Keep the focus on the positive…
Then my phone crashed AGAIN…

…but my ride…I had to take it in…
I pack up my MacBook and think I can get some work done while I am waiting, crossing my fingers that a simple oil change will be the answer all the while knowing it won’t.
First a trip to Chick Fil A to get my delicious diet Arnold Palmer to keep me company then off drive to the dealership...sense of humor on my sleeve and smile on my face…
I’m scared, nervous and ready to get raped hear bad news.

…and bad news it was.
My Ride needed new break pads, the transmission needed a boost to it’s self-esteem (remember, I knew some fasizzle was seriously wrong) and other shit too…

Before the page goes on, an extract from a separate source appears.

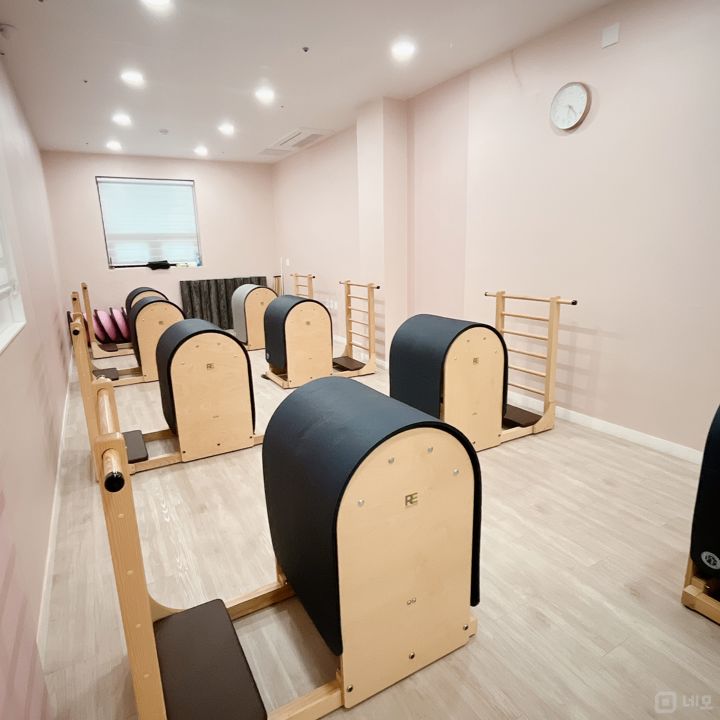 동수원 사거리 코너에 위치한 5층 우만동 필라테스 매물의 4번째 사진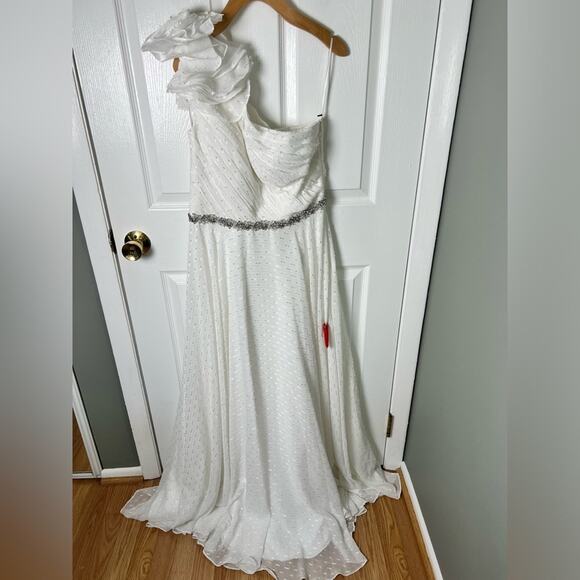 Mac Duggal White Silver Rosette Appliqué One-Shoulder Chiffon 49179 Gown 8 - Picture 2 of 9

It’s gonna be hours and there is no way I am gonna sit in the dealership waiting…so I catch a ride home.
On the way I home I just wanted to cry…so much going on and most of it is out of my fucked up hands.
I had to focus on what I COULD fix.
When I get home I realize much to my dismay I had forgotten my delicious beverage at the dealership.
Could I take more?!

Hours later it’s ready to get picked up and Kat drives me…F7 on the way sends me a text…
…’Do you need me to pick up the Goats?”
Me…’….Are you psychic?!!!!!!’
I hadn’t told anyone about my tangible, expensive problems.
…and then I thought about it…who had I told?
Oh Yeah!!! I was supposed to meet the girls at the gym, we had scheduled a 10am hot tub meeting(?) smack talk session which I knew I wasn’t gonna make so I had sent F1 a text saying I had to take my ride in…
…I wonder how much smack was spoken about me?

…back at the dealership…
$$$$$
The cashier says to me…
…"do you qualify for any of these discounts?"
Me…”Would you be so kind to give me the Military discount? I have 3 of those ID cards;)”
Her…”Yeah, no problem.”
The discount shaved a significant amount of $ off my bill but…
...I should be floating because the money I used to have is no longer weighing me down…no new shoes for months!!!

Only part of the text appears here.